Confused But Ballsy 2nd Tier Frenchies - 75%

DeathRiderDoom, June 10th, 2010

*Written for the 10th MA Virgin Reviews Challenge

A notch or so below the so called “Three Musketeers” of French ‘80s heavy metal (Sortilege, Blaspheme, ADX), lie some quality acts such as Fisc, Dum Dum Bullet, Demon Eyes perhaps High Power and others. This is where the French incarnation of Titan comes in. Not unlike their French counterparts High Power & Sortilege, they released a set of two classic, well respected albums back in the heyday before stuff arguably faded away. The tier one French acts, and arguably some of their lesser known acts in heavy metal and thrash metal, have been praised as such for possessing a certain abominable power, aggression and enthusiasm in their music. Sortilege of course for their pure emotive power and fantastical beauty with the legendary Augustine at the helm, and ADX meanwhile, with a display of inventive riffs carrying through an almost insane amount aggression, while maintaining excellent creativity and poise. Titan comes in somewhere between ADX, Demon Eyes and Fisc.

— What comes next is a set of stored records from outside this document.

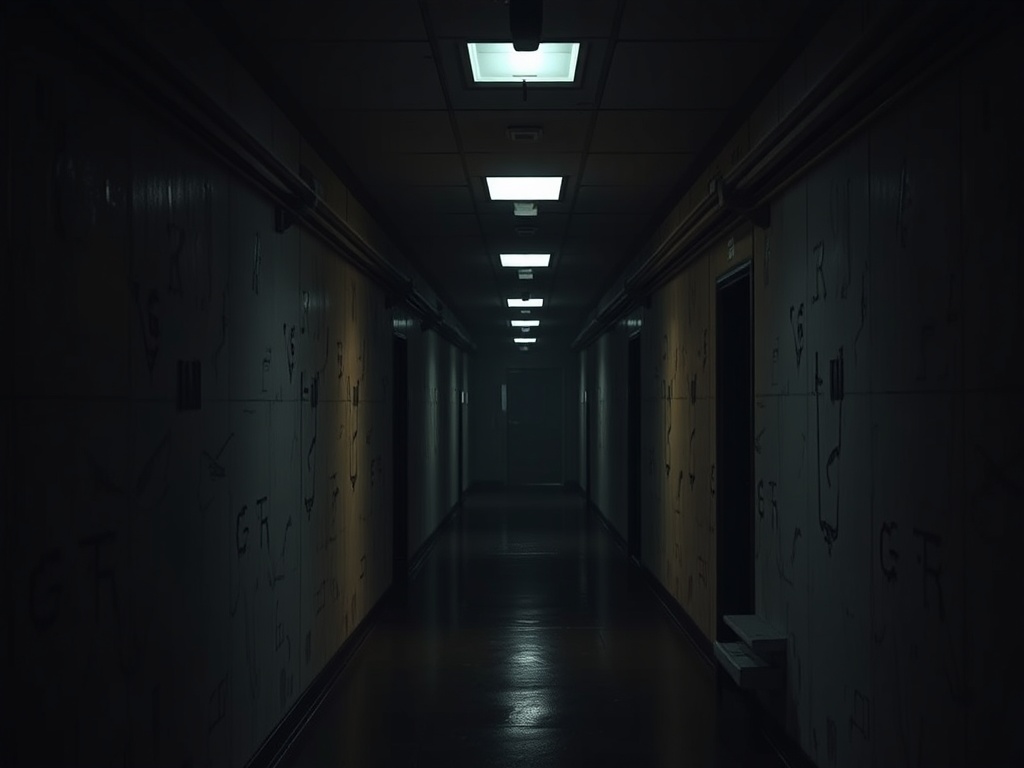 dark sci-fi prison corridor with flickering lights and heavy shadows, tense atmosphere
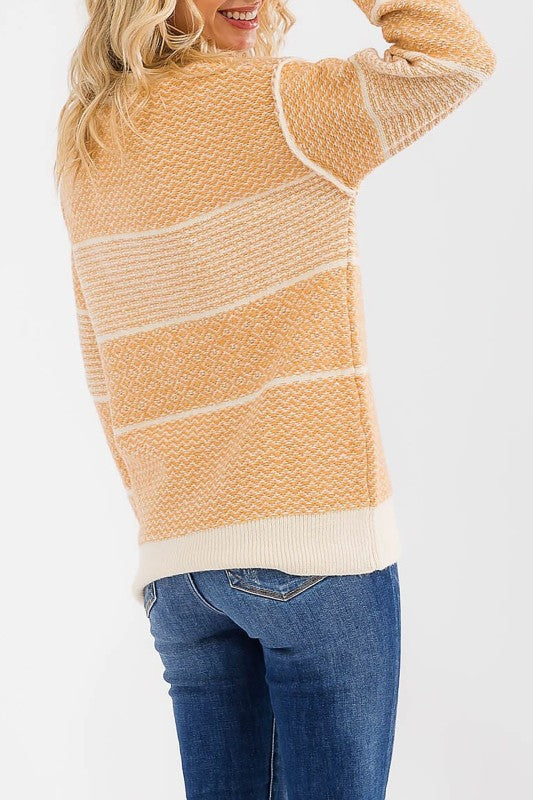 Mustard Colorblock Crewneck Sweater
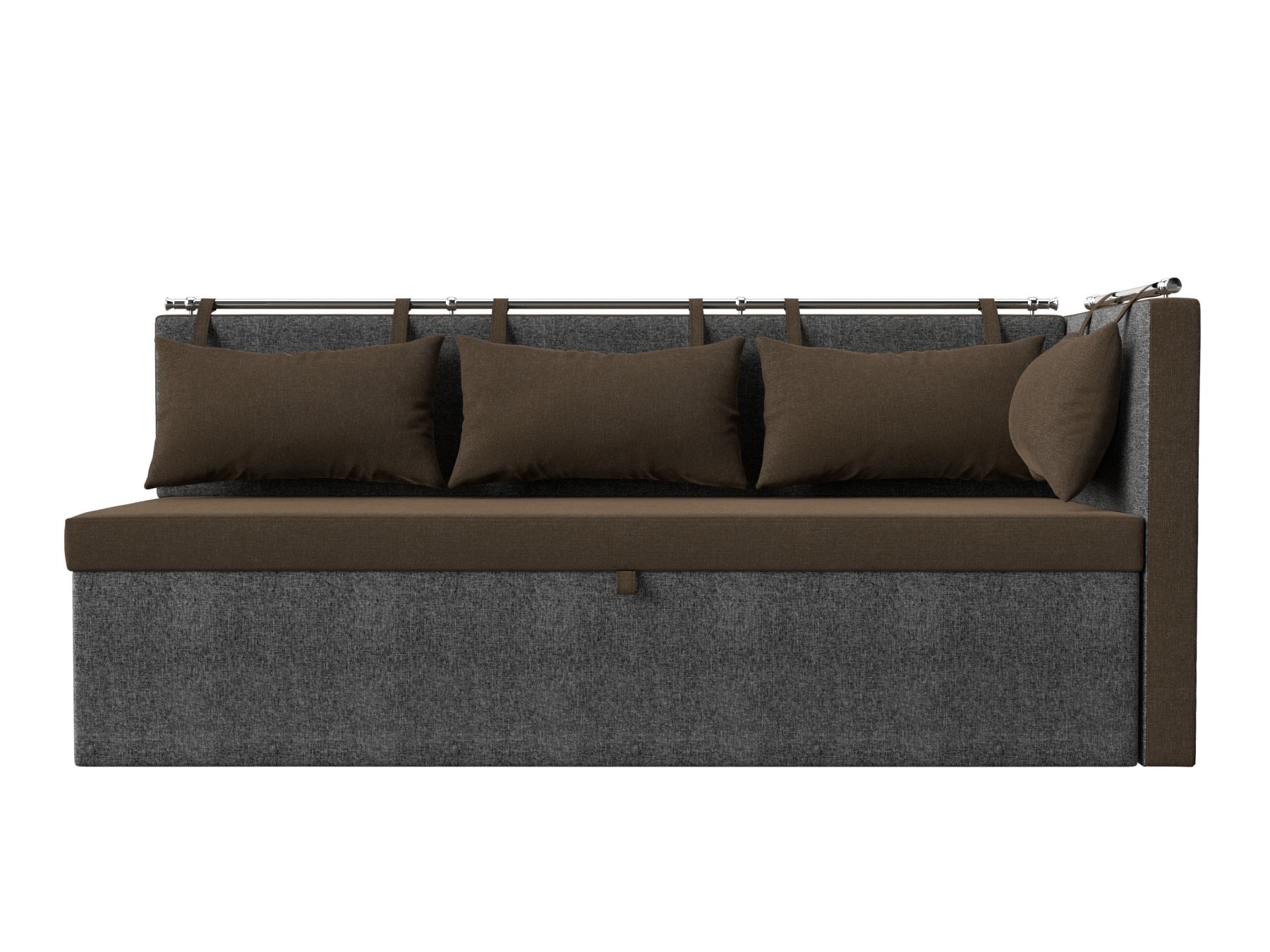Кухонный диван Метро с углом справа (Коричневый\Серый)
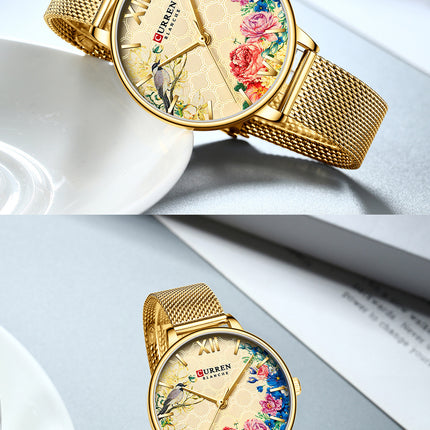Women's Fashion Watches, Quartz Movement Stainless Steel Strap Analog Round Dial Watch for Women Wristwatch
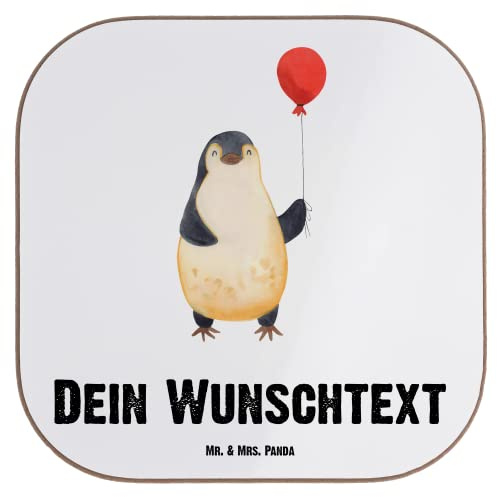 Mr. & Mrs. Panda PErsonalisierte Bierdeckel Pinguin Luftballon - Geschenke, Personalisiert, Personalisierter Untersetzer, Liebe, Neustart, Beste Freundin, Motivation, Flaschenuntersetzer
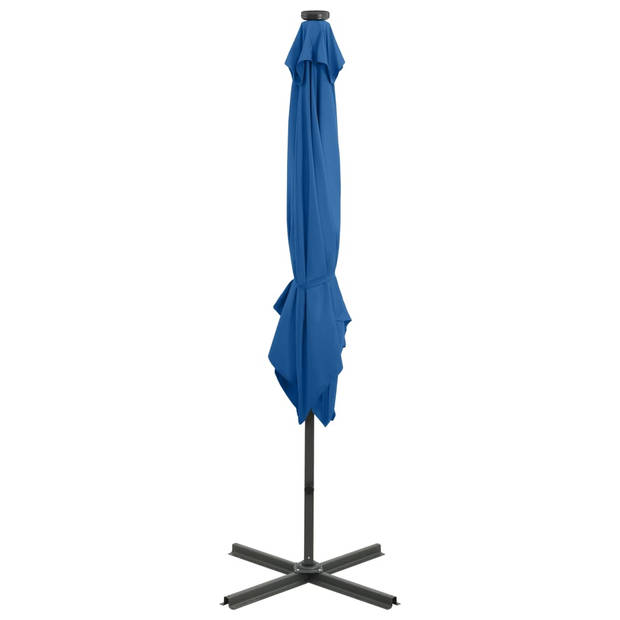 vidaXL Zweefparasol met paal en LED-verlichting 250 cm azuurblauw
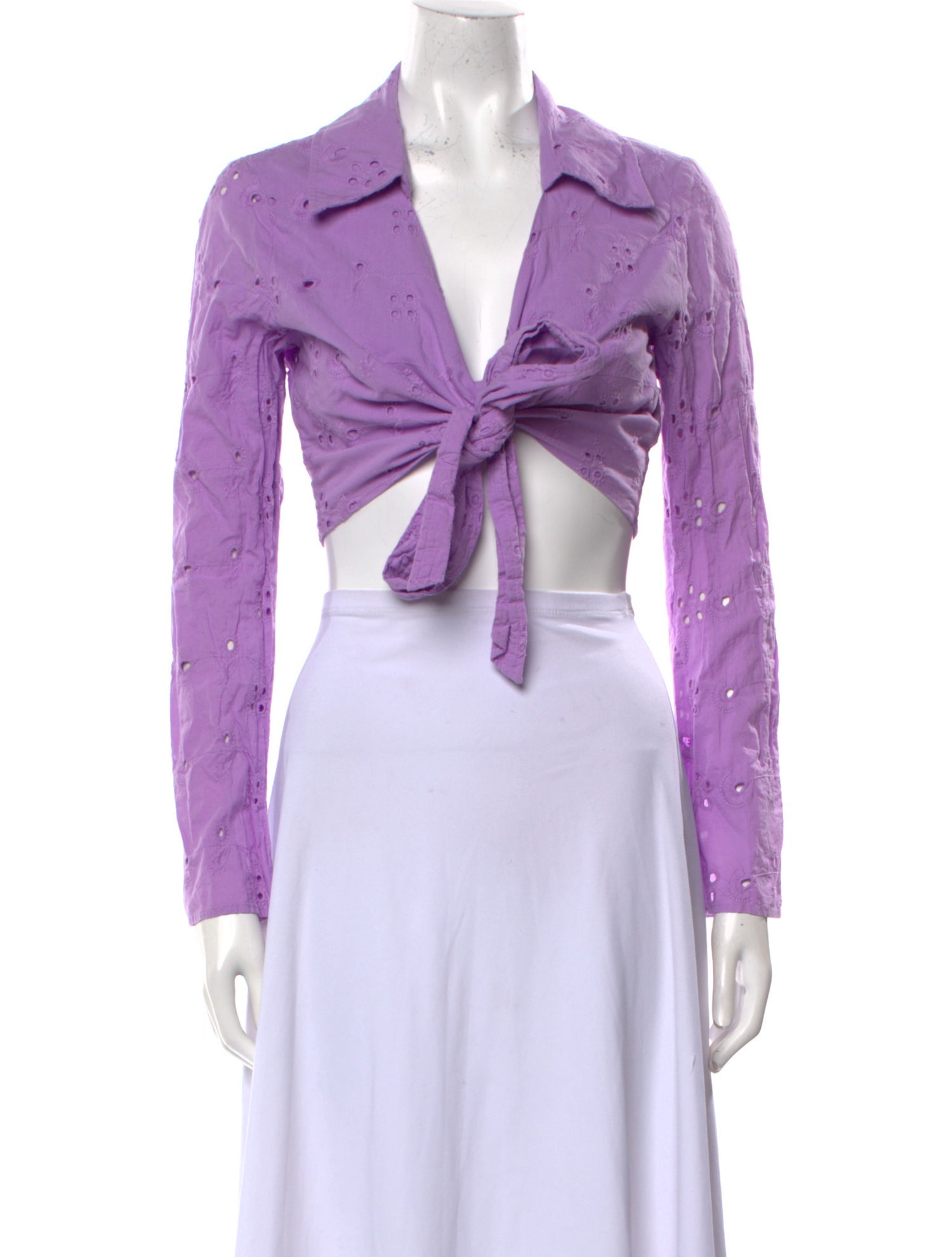 Ashley Park X Rtr V-Neck Long Sleeve Crop Top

The sound in this debut record ranges from cuts with unadulterated, thrashing type riffs, and snarling vocal aggression, to more melodic traditional metal numbers such as the questionably titled ‘Black Power’. An interesting blend, it does perhaps remind me most closely of countrymen Demon Eyes - with a commitment to aggression and riff contruction that see’s it hold common ground with the boys in ADX, High Power. Anyway, some of the material is quite solid indeed – ‘GI’s Heritage’ is a full on album opening assault, packed with high pace, and twisted with an assortment of riffs, the heavy, crunching guitar tone winding throughout them. Aggression, and commitment to riff craftsmanship don’t avoid ‘L'Irlande Au Coeur’ either – and I’m actually quite surprised at the coolness of the riffs in particularly the early songs on the album – as well the bands willingness to fire out some damned heavy material.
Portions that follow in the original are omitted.